Other students are in awe of you but that places expectations on you unintentionally. Dux isn't everything. Achieving enough to continue on with your chosen career path is the goal. These friends are immature and there isn't much you can do about that, we all have to tolerate parts of friends in order to remain friends. We all have faults.

The only other thing I can suggest due to your anxiety is to allow your anxiety to come and go and when it goes then study well and be active, when it arrives allow yourself to slip a little, lessen your demands on yourself. This ebb and flow is best because you wont then expect a lot of yourself when you are anxious and down. It is a form of accepting yourself for who you are.

Google

Topic: depression, the timing of motivation- beyondblue

Topic: Accepting yourself, the frog and the scorpion- beyondblue

Topic: worry worry worry- beyondblue

Repost anytime in those threads or here.
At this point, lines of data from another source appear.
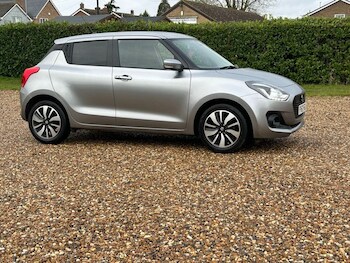 Used Suzuki Swift 2017 for sale - 77302572: Photo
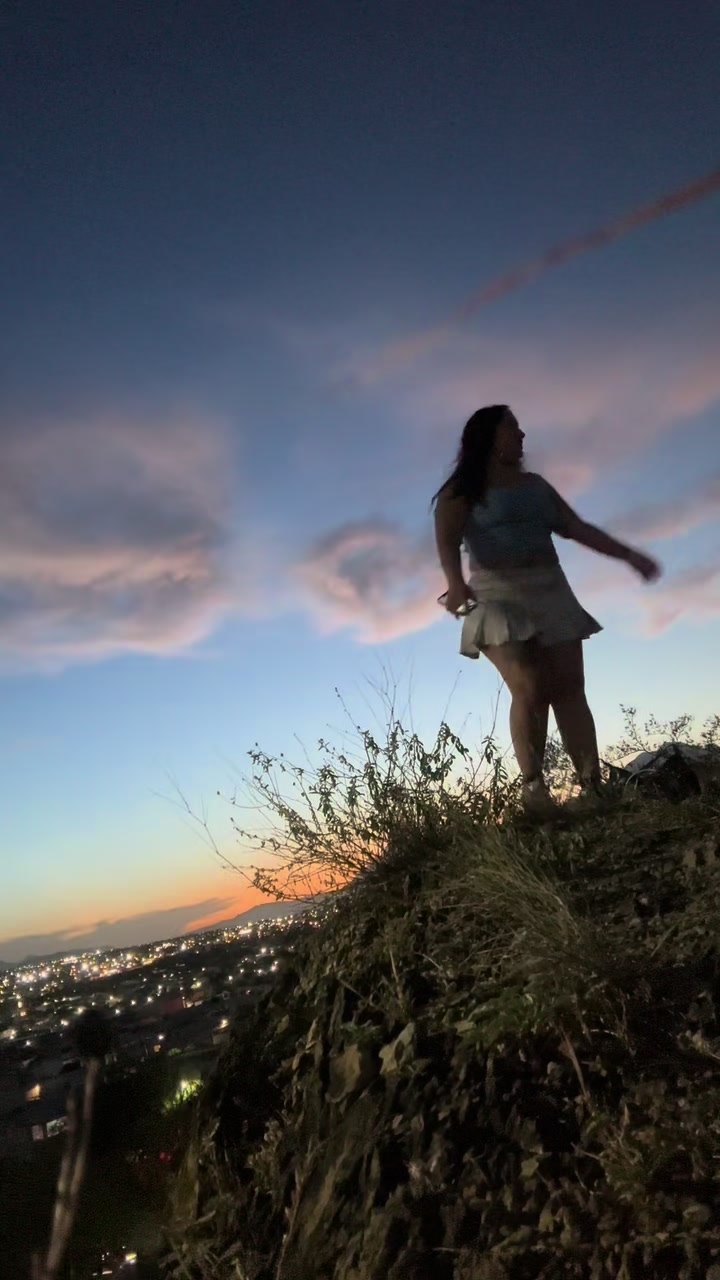 @lachicadelcentro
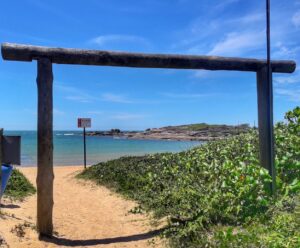 Jovem acusada de cortar a barriga do namorado no ES é absolvida pela Justiça Praia do Ermitão
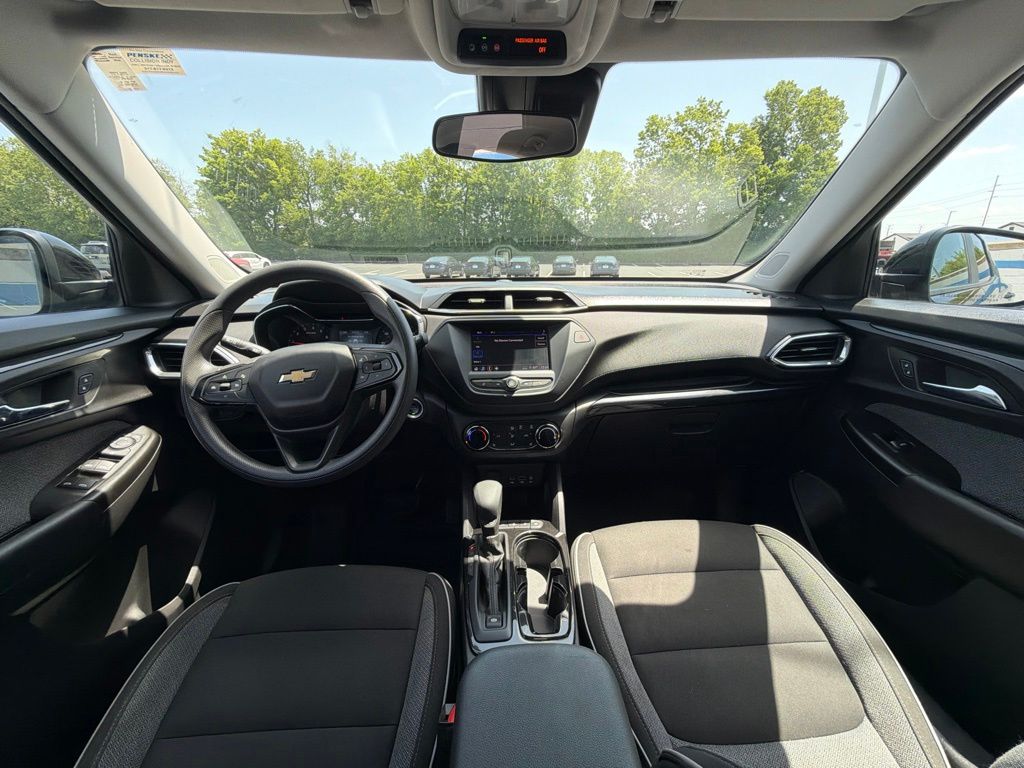 Thumbnail: 2022 Chevrolet TrailBlazer - 11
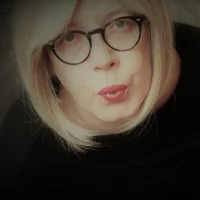 Christiane_Cocks' Avatar Photo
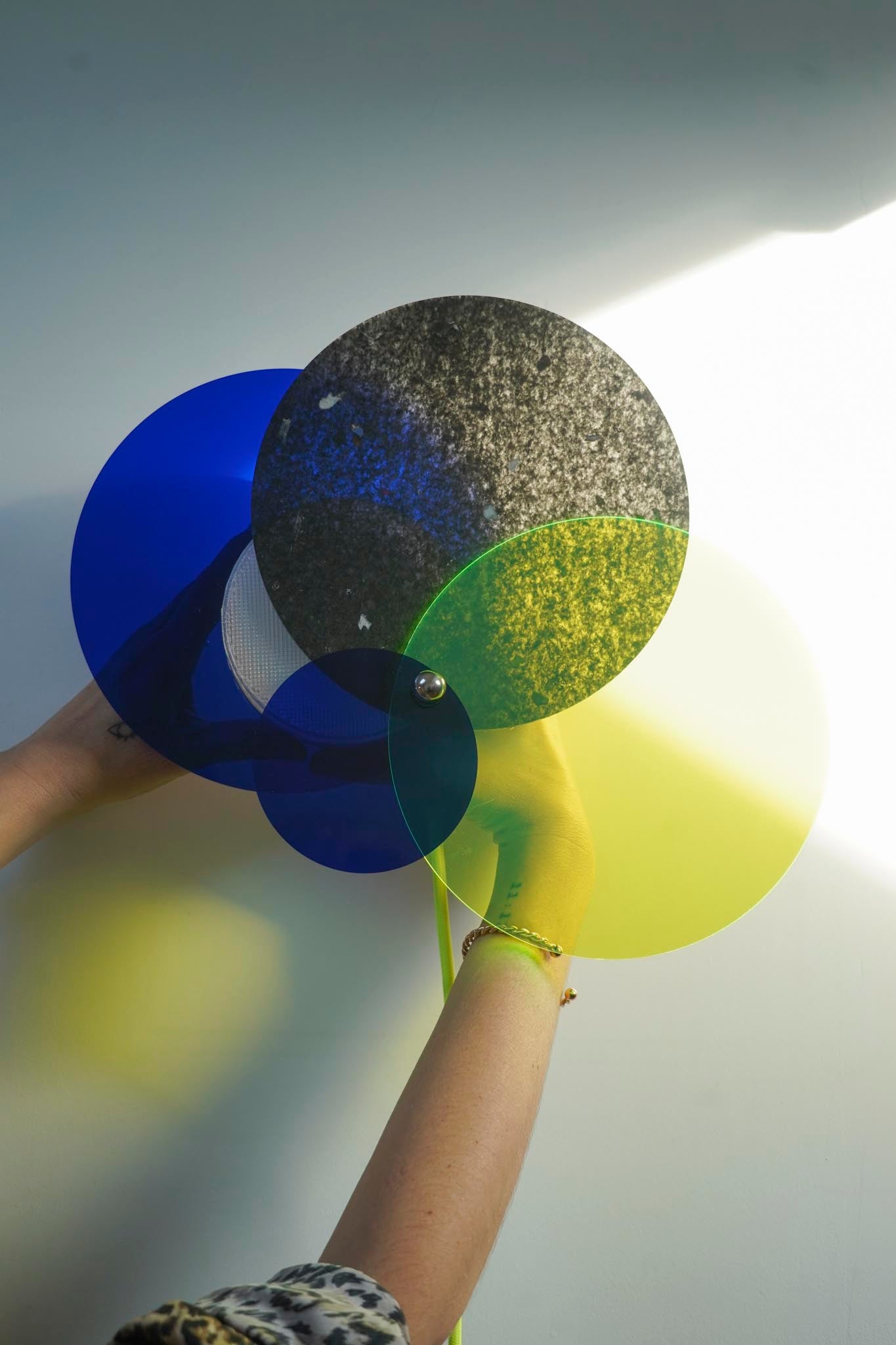 lampe plastique recyclé Rayon Vert studio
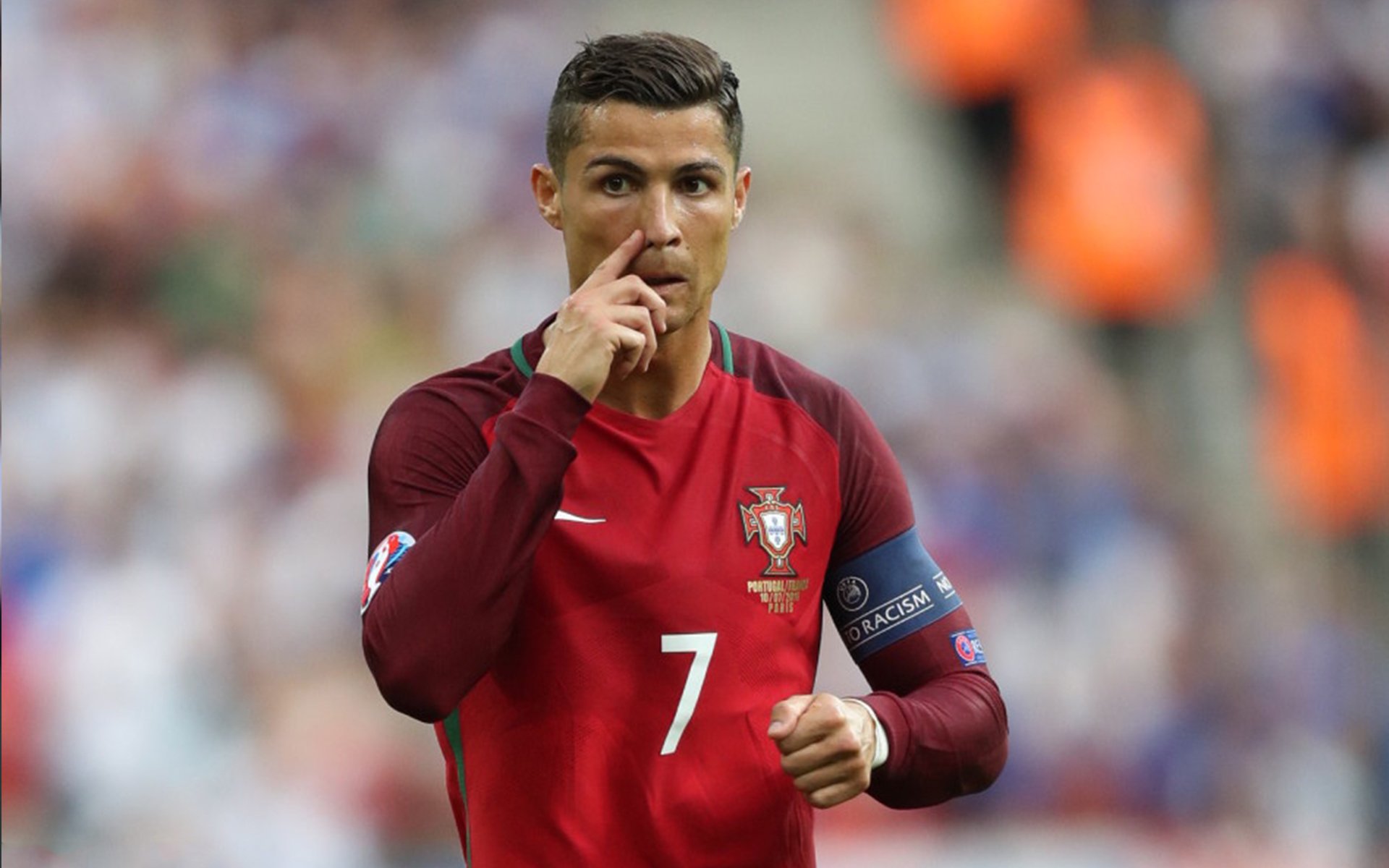 德甲激烈，球迷支持不断，德甲足球说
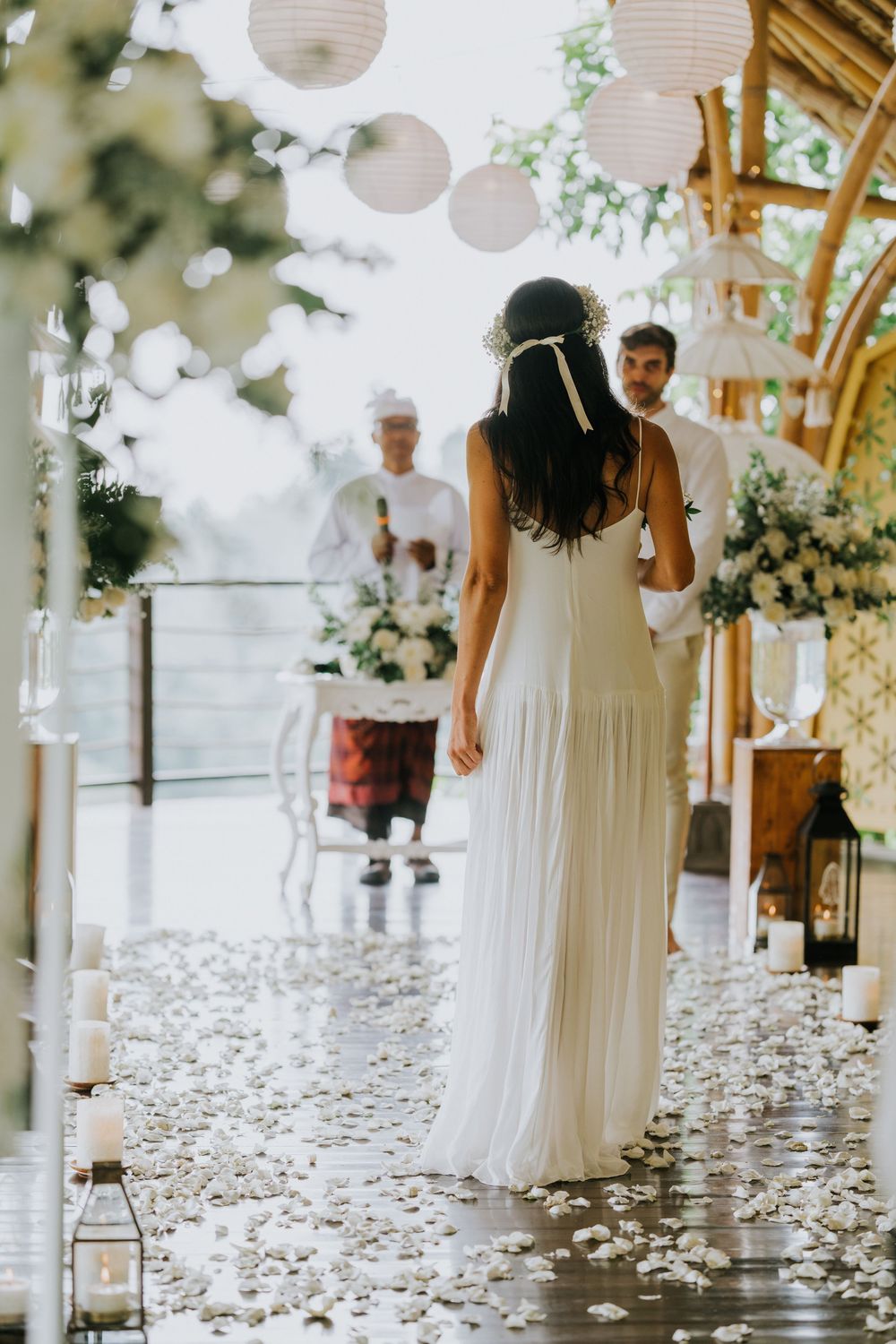 Bali resort wedding photography with jungle view ceremony at The Kayon Valley Resort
Thanks for being frank and honest.

Tony WK

Hi MsPurple

Thank you so much for replying, it means a lot to me to know that i’m not alone in my feelings.

I don’t really know what I was expecting when I decided to write here, but getting a response has lifted my spirits so much, so thank you.

I was a little curious as to whether you still feel those expectations and the burden they come with or if it’s just something that you went through.

I just want to thank you again for the advice and I’ll try to aim for my best more often than aiming for THE best.

Thanks, FeralRabbit

Hi White Knight,

Thank you so much for the advice that you were able to give, every piece that I can get is helpful.

Your advice on timing my productivity and letting myself go a little bit when I’m struggling really intrigued me. It’s definitely worth a try at least, so thank you for that.

My self-consciousness isn’t the most concerning aspect of my life to me, because, while I’m not confident or happy with the way I look, I know it’s all skin deep. I might talk to my GP about the pimples though. Maybe it’ll just make it that little bit easier.

Overall, thank you so much for your response and advice.